Симон схватил солдата за перепачканные известью плечи и поймал-таки безостановочно бегающий взгляд.
— Ты хочешь облегчить душу?
* * *
Отсюда, из окон зала канцелярии было видно все: и как солдатика сунули в бак, и как монах-исповедник приник своей щекой к щеке преступника, — чтобы лучше слышать последнее покаяние.
Византийский император Ираклий удивленно хмыкнул и повернулся к Пирру.
— Смотри-ка, получилось.
— Еще бы, — самодовольно улыбнулся Патриарх. — Я в этом деле каждую мелочь продумал. Сам. Лично.
Ираклий кивнул и снова повернулся к окну.
— Думаешь, он обо всем покается? Все-таки, ветеран… и на допросе ни слова не выбили.
Стоящий за императорской спиной Патриарх язвительно хохотнул.
— Рассеченному пополам — не до секретов. Уж, поверь мне, Ираклий. Не пройдет и получаса, и ты будешь знать об этой монашке все. Кстати, а зачем она тебе?
Ираклий усмехнулся.
— Будешь принимать мое последнее покаяние, узнаешь.
Патриарх обиженно засопел, а Ираклий оперся рукой о расписанный охряными бутонами откос окна и прищурился.
— Кстати, а зачем ты исповедником амхарца
[2] послал? Что нельзя было из наших надежного человека подыскать?
— Какого амхарца? — не понял Патриарх, подошел ближе и выглянул из-за императорского плеча. — Что?!!

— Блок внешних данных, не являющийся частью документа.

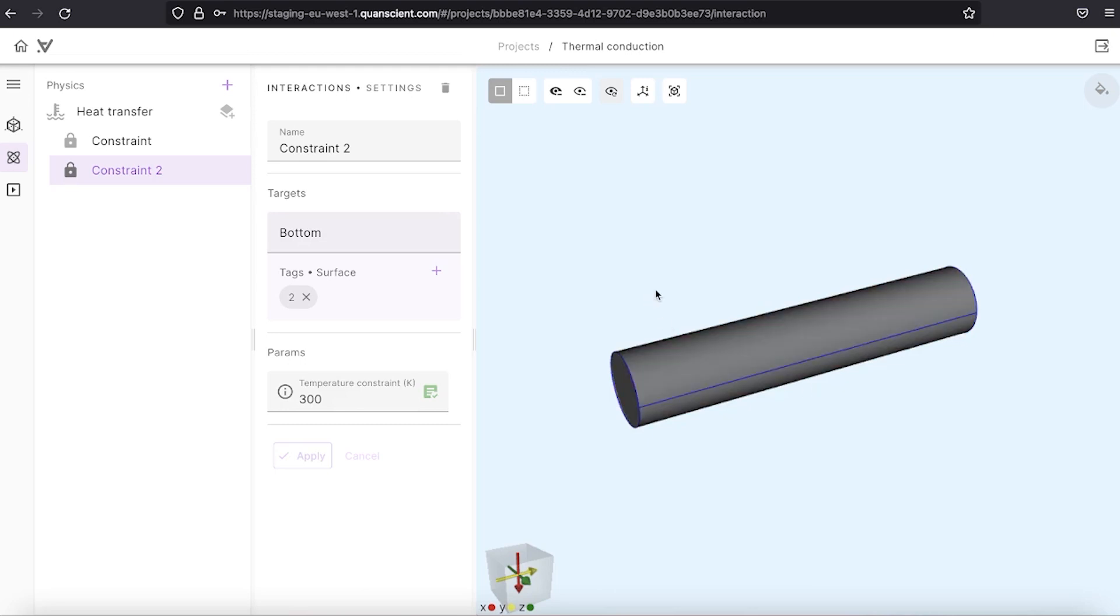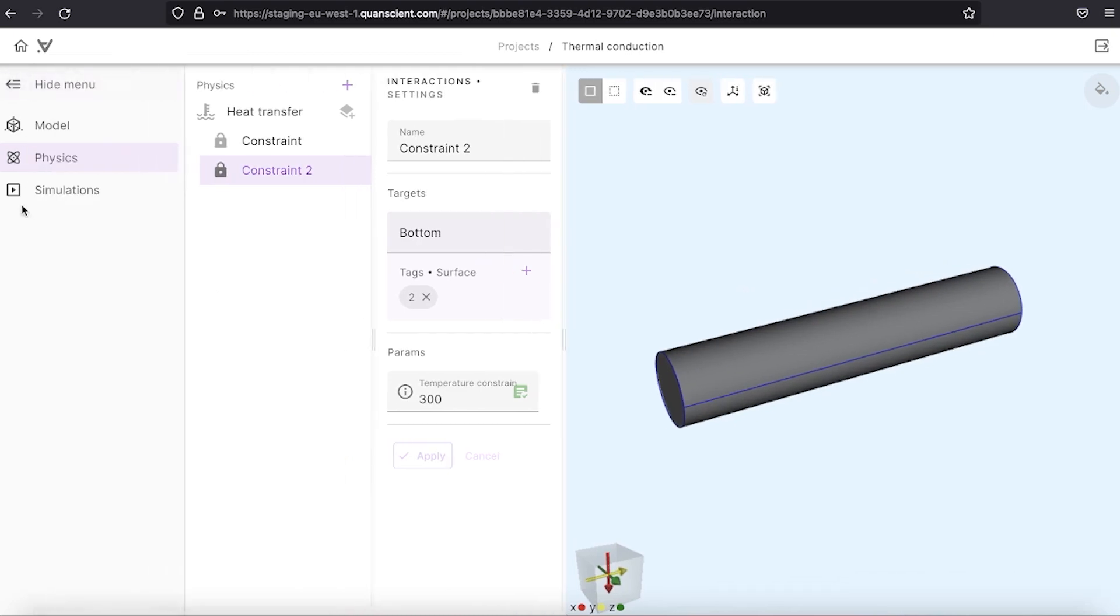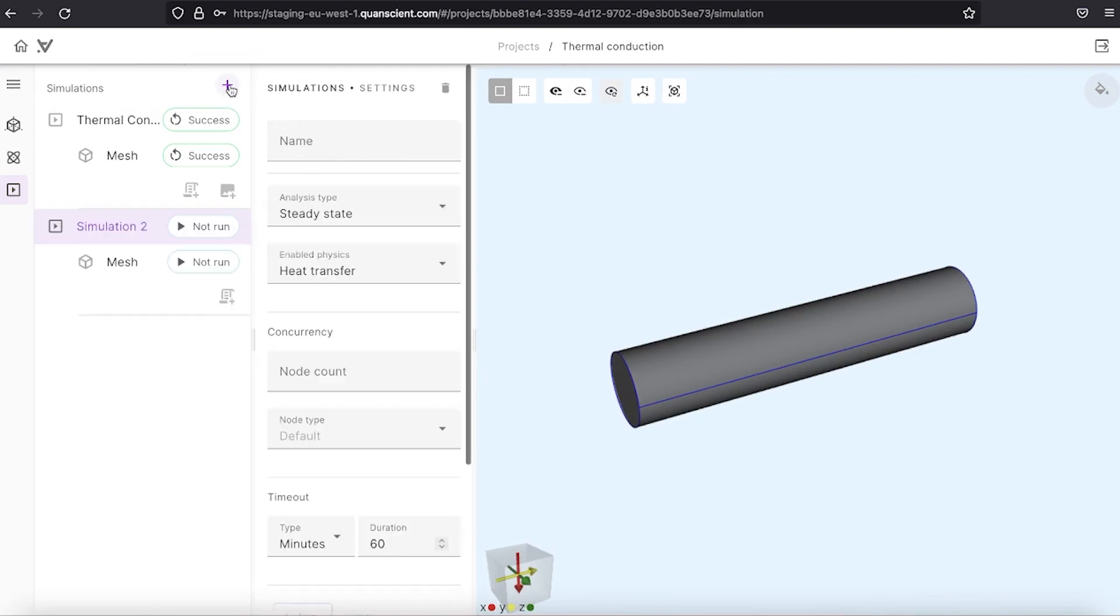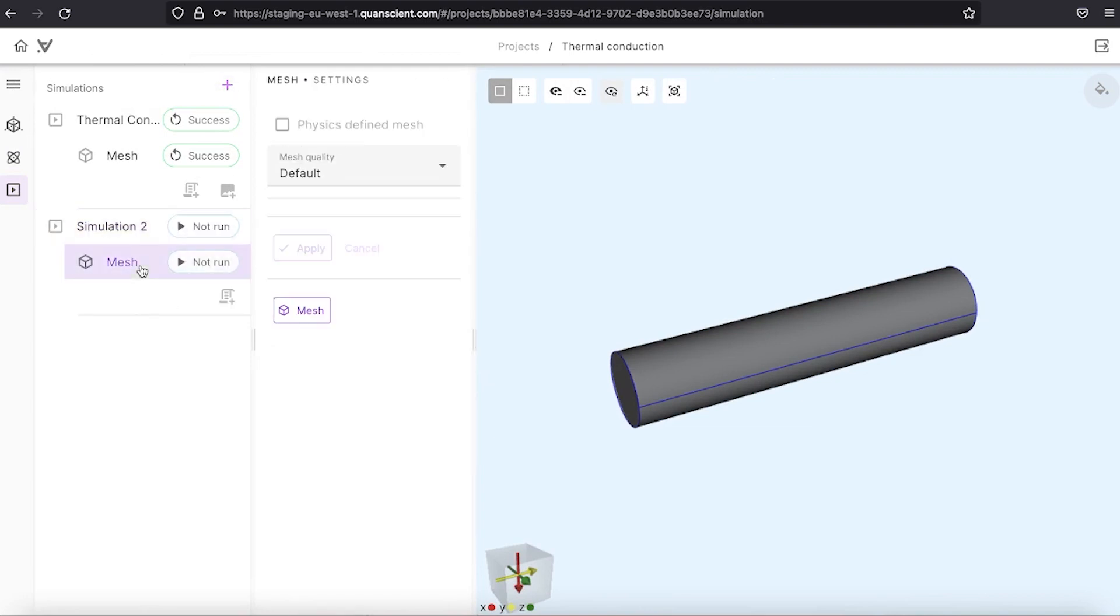Now that we have defined our problem we move to simulations tab and add new simulation. Before the simulation is run a mesh should be created.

Характерный амхарский профиль приникшего к солдату исповедника был виден даже отсюда.
* * *
Симона принялись толкать и дергать почти сразу.
— Эй, монах! У него было время исповедаться до суда!
— Теперь наш черед!
Горожане прекрасно понимали, что чужак с грубым амхарским профилем отнимает у них самое драгоценное — время.
— Мы в своем праве!
Но Симон лишь упрямо отмахивался, а солдату становилось все хуже и хуже — на глазах.
— И еще… я отнял… свободу… у монашки, — с трудом удерживая голову вертикально, через раз выдыхал он.
— Эй, амхара! — зло толкнули Симона в спину. — Это я должен его исповедовать!
— Я понял, — внятно сказал Симон обоим — и солдату, и тому, что был за спиной. — Что еще?
— Да, уйди же, тебе сказали! — свирепо вцепились в его рясу сзади, и Симон двинул назад локтем и, судя по хрусту, попал в нос.
— Все… — выдавил солдат.
Симона снова толкнули, затем вцепились в капюшон, однако он так и продолжал, внятно, по слову проговаривать формулу отпущения и, лишь закончив, поднялся и развернулся к толпе лицом.
— Варвар? — отшатнулись передние, а зажимающий окровавленное лицо растопыренными пальцами монах изумленно моргнул.
— Он варвар… — залопотала толпа, — он варвар…
Теперь даже те, что стояли позади всех, могли разглядеть, что этот высокий, широкоплечий монах, вопреки церковному обычаю, брит наголо, а крупный череп его целиком покрыт черными и красными узорами — точь-в-точь, как у людоедов.
— С-святой отец… — болезненно скрипнуло сзади.
— Да, — мгновенно развернулся Симон.
Подбородок солдата трясся.
— Я… хочу… вернуть ей… свободу…
Симон насторожился. Он уже чуял подвох.
— П-помоги… н-написать…
Симон замер. Двадцать восемь лет он шел по жизни так осторожно, как мог, оказывал услуги исключительно за деньги и категорически уклонялся от какой-либо помощи ближнему, — исповедь не в счет.
— П-прошу…
«Напишу и отдам судейским», — решил Симон и сорвал заплечный мешок, — времени у солдата оставалось в обрез.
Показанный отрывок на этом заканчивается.